Awk 'in in {FS = ":"} {If (NF> 5) {lengths = Split ($0, line, ":"); For (IB = 0; IB <= lengths; IB ++) {If (IB % 2) {printf "% s", line [IB]}; print Nr "\ n"} '/etc/passwd


The for loop can be used to traverse array elements:

Syntax: for (I in array) {for body}

8.5 case statement

Syntax: Switch (expression) {Case value or/rgeexp/: statement1;... Default: stementn}

8.6 Loop Control

Break

Continue

8.7 next

The processing of this row is terminated before entering the next line; that is, it is more aggressive than brealk and continue to enter the next line.

# Awk-F: '{if ($ 3% 2 = 0) next; print $1, $3} '/etc/passwd => If the ID number is an odd number, the user name and ID are displayed.

# Awk-F: '{If (NR % 2 = 0) next; print NR, $1}'/etc/passwd

9. Array

Join array:

Array [index-expression]

Index-expression: any string can be used. If an array element does not exist in advance, awk will automatically create this element and initialize it as an empty string during reference. Therefore, to determine whether an array has an element, you must use the "index in array" format;

A [first] = "Hello awk"

Print a [second]

To traverse every element in the array, use the following special structure:

For (VAR in array) {for body}

Its var will traverse the array index;

State [Listen] ++

State [established] ++

# Netstat-tan | awk '/^ TCP/{++ State [$ NF]} end {for (S in State) {print S, State [s]}'

# Awk '{IP [$1] ++} end {for (I in IP) {print I, IP [I]}'/var/log/httpd/access_log

Delete array elements:

Delete array [Index]

10. built-in functions of awk

Split (string, array [, fieldsep [, SEPs]):

Function: slice a string with fieldsep as the separator, and save the sliced result to an array in the name of array; array subscript starts from 1;

Root: X: 0: 0:/root:/bin/bash

User [1] = "root", user [2]

This function has a return value. The return value is the number of elements after slicing.

# Netstat-Tn | awk '/^ TCP/{lens = Split ($5, client ,":"); IP [client [lens-1] ++} end {for (I in IP) print I, IP [I]}'

[[Email protected] _ 11 ~] # Netstat-TNA | awk '/^ TCP/{stat [$ NF] ++} end {for (I in STAT) {print I, stat [I]} 'view the data volume in different States


[[Email protected] _ 11 httpd] # awk '{arr [$1] ++} end {for (I in ARR) {print I, arr [I]} '/var/log/httpd/access_log => count the number of visits to each IP address of the HTTPd service

Length (string)

Function: returns the length of a specified string.

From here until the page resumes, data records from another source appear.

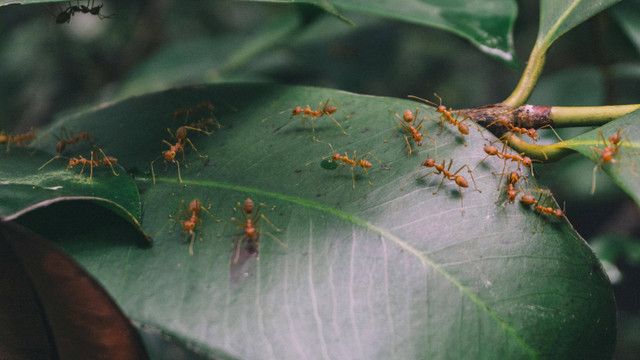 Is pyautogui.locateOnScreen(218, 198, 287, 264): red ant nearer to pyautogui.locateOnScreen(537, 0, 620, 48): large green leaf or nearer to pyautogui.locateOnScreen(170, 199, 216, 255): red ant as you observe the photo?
pyautogui.locateOnScreen(170, 199, 216, 255): red ant

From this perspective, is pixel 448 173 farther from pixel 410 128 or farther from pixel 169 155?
pixel 169 155

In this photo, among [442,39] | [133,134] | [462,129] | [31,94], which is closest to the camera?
[462,129]

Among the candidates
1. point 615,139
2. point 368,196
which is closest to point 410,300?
point 368,196

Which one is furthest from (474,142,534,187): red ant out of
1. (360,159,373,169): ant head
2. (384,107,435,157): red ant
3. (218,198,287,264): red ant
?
(218,198,287,264): red ant

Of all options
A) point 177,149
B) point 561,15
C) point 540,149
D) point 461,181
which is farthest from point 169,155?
point 561,15

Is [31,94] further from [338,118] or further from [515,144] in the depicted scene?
[515,144] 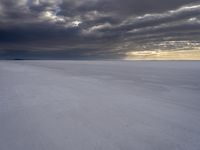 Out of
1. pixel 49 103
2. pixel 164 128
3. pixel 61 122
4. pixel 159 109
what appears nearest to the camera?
pixel 164 128

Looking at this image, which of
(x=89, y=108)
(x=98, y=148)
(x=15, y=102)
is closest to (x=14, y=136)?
(x=98, y=148)

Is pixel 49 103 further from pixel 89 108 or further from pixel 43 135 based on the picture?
pixel 43 135

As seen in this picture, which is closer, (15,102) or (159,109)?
(159,109)

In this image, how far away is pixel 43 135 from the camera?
10.6 feet

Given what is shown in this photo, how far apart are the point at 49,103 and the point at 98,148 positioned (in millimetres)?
2936

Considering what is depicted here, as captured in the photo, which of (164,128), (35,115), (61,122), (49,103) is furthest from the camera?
(49,103)

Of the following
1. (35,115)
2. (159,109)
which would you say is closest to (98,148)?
(35,115)

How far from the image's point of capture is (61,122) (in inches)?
152

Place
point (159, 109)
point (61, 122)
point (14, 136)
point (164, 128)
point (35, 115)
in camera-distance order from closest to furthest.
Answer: point (14, 136) → point (164, 128) → point (61, 122) → point (35, 115) → point (159, 109)

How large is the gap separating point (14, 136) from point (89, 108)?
2023mm

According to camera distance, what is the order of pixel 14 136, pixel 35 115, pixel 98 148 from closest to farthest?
pixel 98 148, pixel 14 136, pixel 35 115

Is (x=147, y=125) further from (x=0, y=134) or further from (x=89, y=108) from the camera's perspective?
(x=0, y=134)

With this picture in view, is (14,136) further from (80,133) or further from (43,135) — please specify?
(80,133)

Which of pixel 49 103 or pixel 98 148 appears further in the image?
pixel 49 103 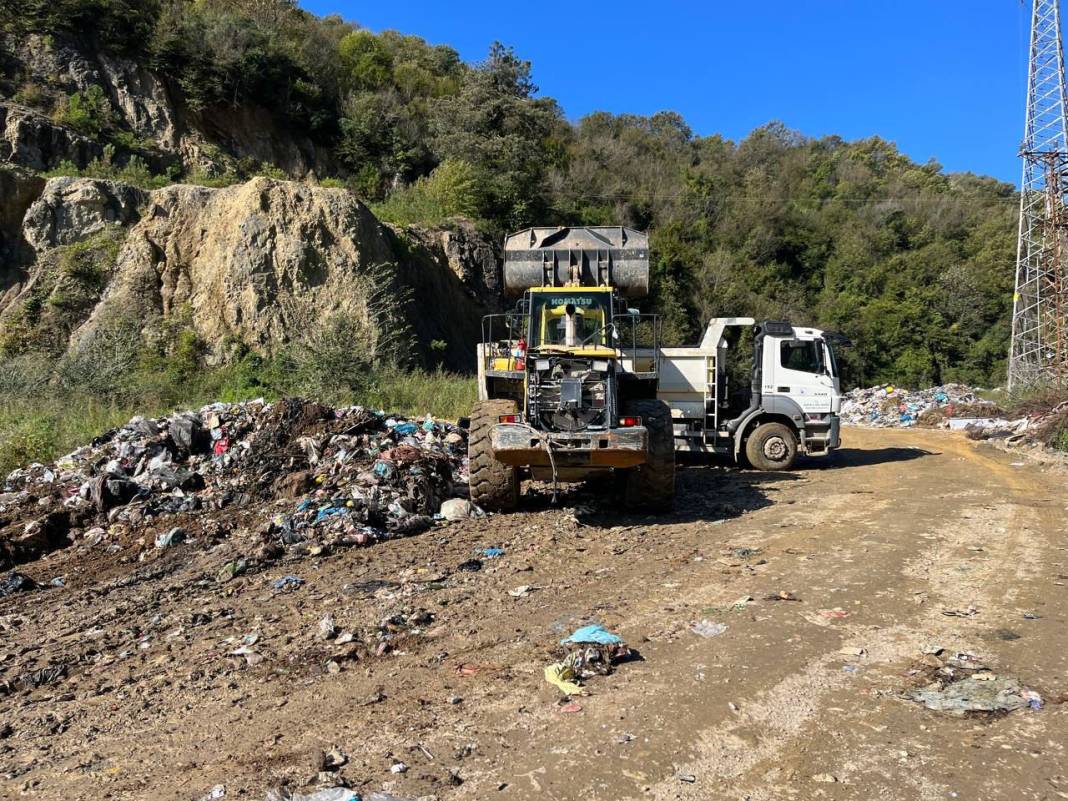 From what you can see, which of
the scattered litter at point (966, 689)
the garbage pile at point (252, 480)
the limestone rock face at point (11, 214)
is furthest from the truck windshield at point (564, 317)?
the limestone rock face at point (11, 214)

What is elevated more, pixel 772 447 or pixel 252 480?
pixel 772 447

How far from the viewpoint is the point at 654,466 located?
7.40 meters

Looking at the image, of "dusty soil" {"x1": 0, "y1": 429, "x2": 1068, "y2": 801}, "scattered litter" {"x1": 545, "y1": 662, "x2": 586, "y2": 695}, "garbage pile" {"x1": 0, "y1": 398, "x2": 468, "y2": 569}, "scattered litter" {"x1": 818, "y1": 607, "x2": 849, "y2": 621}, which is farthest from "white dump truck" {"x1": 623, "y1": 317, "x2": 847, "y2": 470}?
"scattered litter" {"x1": 545, "y1": 662, "x2": 586, "y2": 695}

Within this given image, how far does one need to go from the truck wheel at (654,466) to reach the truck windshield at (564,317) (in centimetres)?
116

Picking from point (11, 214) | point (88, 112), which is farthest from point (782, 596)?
point (88, 112)

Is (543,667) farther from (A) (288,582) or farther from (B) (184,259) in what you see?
(B) (184,259)

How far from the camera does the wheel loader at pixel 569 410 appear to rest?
6652 millimetres

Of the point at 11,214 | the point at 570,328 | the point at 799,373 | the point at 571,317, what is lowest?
the point at 799,373

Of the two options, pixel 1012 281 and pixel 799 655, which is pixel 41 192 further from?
pixel 1012 281

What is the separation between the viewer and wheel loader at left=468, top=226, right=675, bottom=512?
21.8 ft

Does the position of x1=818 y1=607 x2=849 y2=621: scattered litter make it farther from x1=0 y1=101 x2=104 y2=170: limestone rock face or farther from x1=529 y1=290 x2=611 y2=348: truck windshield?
x1=0 y1=101 x2=104 y2=170: limestone rock face

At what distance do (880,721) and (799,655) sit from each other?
29.1 inches

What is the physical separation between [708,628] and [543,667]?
3.96 ft

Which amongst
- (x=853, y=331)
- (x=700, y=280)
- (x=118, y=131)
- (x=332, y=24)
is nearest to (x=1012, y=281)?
(x=853, y=331) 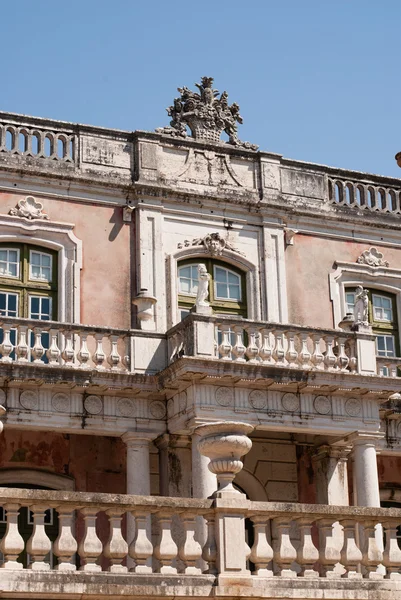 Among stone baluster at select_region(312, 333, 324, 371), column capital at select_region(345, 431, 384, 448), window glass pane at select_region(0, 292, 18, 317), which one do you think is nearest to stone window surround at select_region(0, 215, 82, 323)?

[[Email protected] _ 11 httpd] # awk 'in in {STR = "this is a very good test! "; OK = length (STR); print OK }'

25

Substr (string, start [, length])

Function: gets a substring from a string, and starts from the start position to the length of the substring;

Truncates the string that starts with the fifth character and ends with the end,

[[Email protected] _ 11 httpd] # awk 'in in {STR = "this is a very good test! "; OK = substr (STR, 5); print OK }'

Is a very good test!

Truncates the string, starts with the fifth character, and the following five strings.

[[Email protected] _ 11 httpd] # awk 'in in {STR = "this is a very good test! "; OK = substr (STR, 5, 5); print OK }'

Is

 


This article is from the "909 is a goal" blog, please be sure to keep this source http://robert1joy.blog.51cto.com/4489523/1544907

Deep application of awk

Contact Us

The content source of this page is from Internet, which doesn't represent Alibaba Cloud's opinion; products and services mentioned on that page don't have any relationship with Alibaba Cloud. If the content of the page makes you feel confusing, please write us an email, we will handle the problem within 5 days after receiving your email.

If you find any instances of plagiarism from the community, please send an email to: info-contact@alibabacloud.com and provide relevant evidence. A staff member will contact you within 5 working days.

A Free Trial That Lets You Build Big!

Start building with 50+ products and up to 12 months usage for Elastic Compute Service

  • Sales Support

    1 on 1 presale consultation

  • After-Sales Support

    24/7 Technical Support 6 Free Tickets per Quarter Faster Response

  • Alibaba Cloud offers highly flexible support services tailored to meet your exact needs.